• WORK TO COMPLETE:
Skip the pictures. Return exactly the lines from the one containing "Tegel 30x30x4,5 cm" through the end of the entries below.

(Source data)
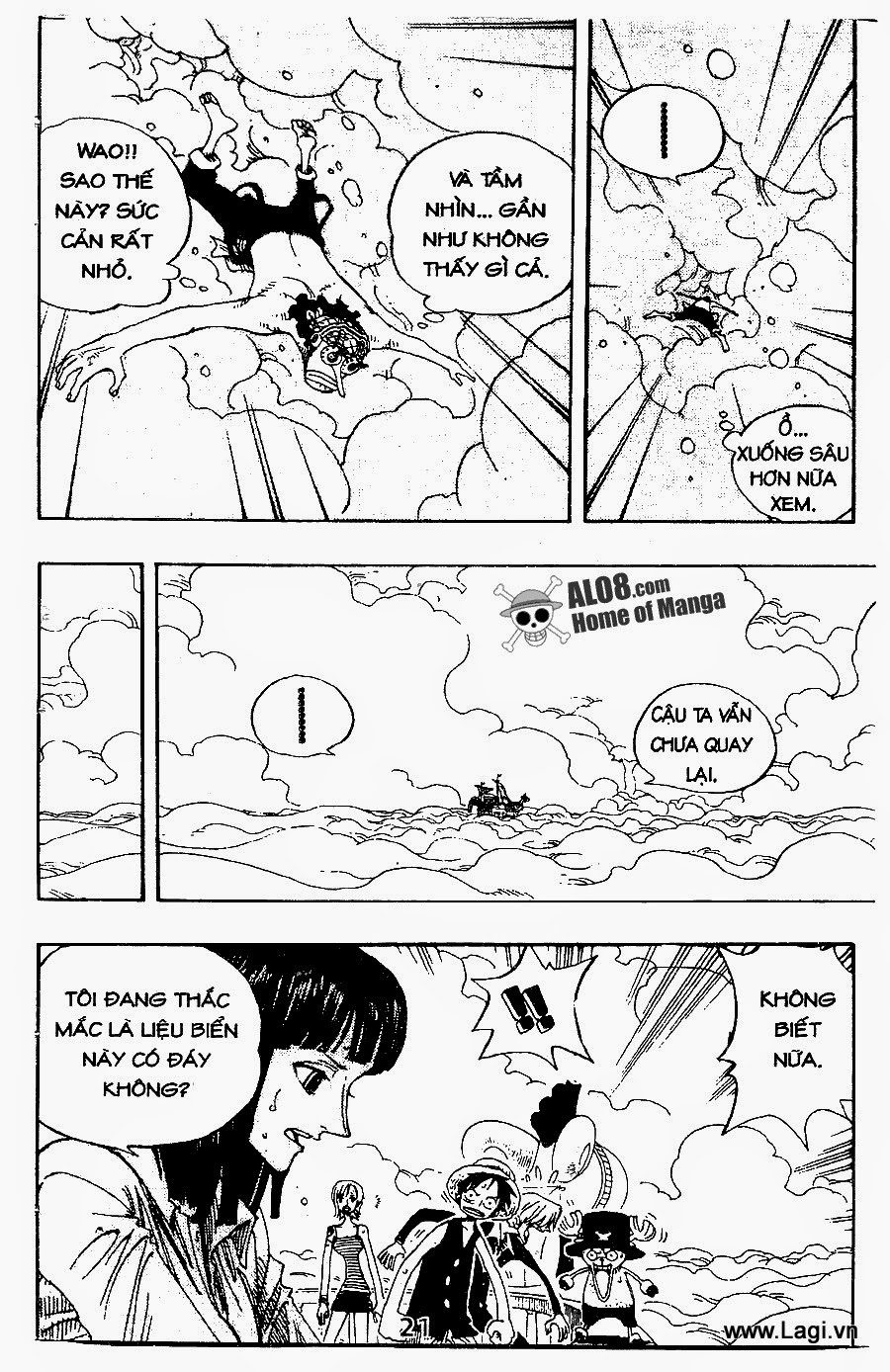 One Piece Tập 237 - Trang 27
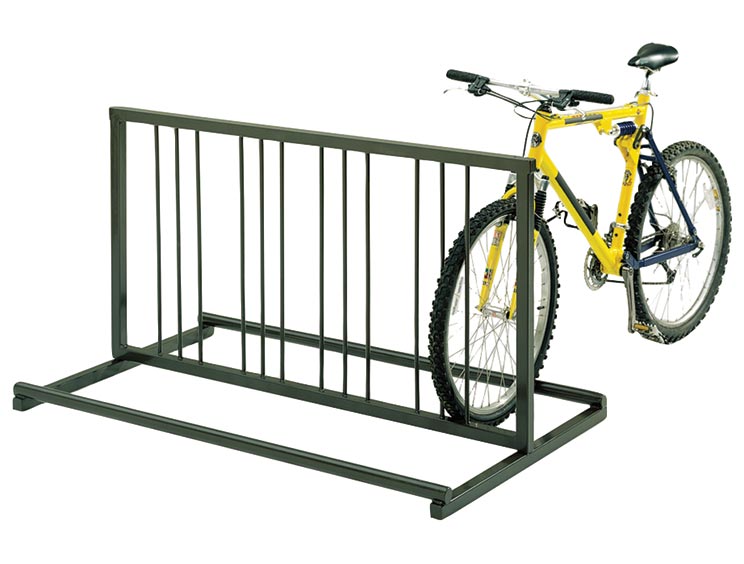 Product READING BIKE RACK Keystone Ridge Designs
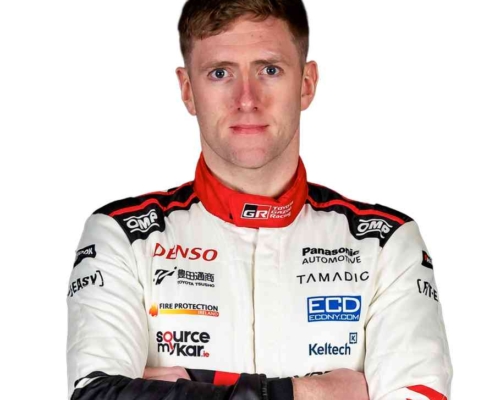 WRC - In Cile c'è James Fulton al fianco di Katsuta 5 James Fulton
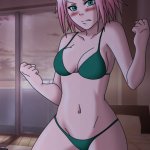 hentai sexy sakura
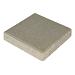 Tegel 30x30x4,5 cm grijs met deklaag (4x4x4) (120 stuks per pak)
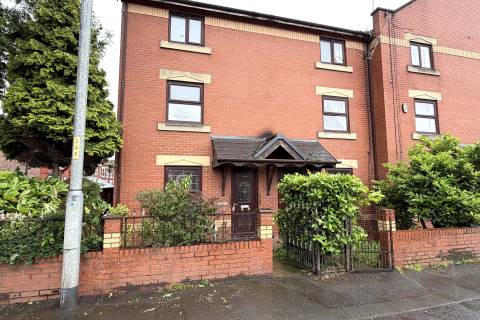 Property for auction in Lancashire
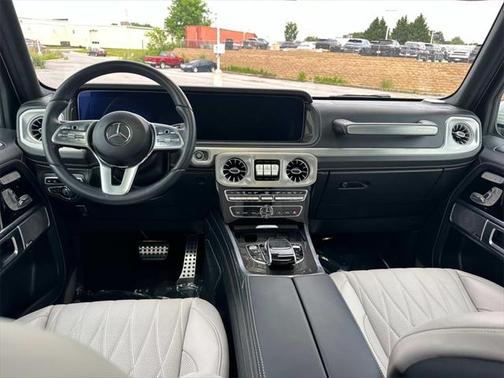 2023 Mercedes-Benz G-Class 4MATIC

• SOLUTION TO THE PROBLEM:
 Tegel 30x30x4,5 cm grijs met deklaag (4x4x4) (120 stuks per pak)
 Property for auction in Lancashire
 2023 Mercedes-Benz G-Class 4MATIC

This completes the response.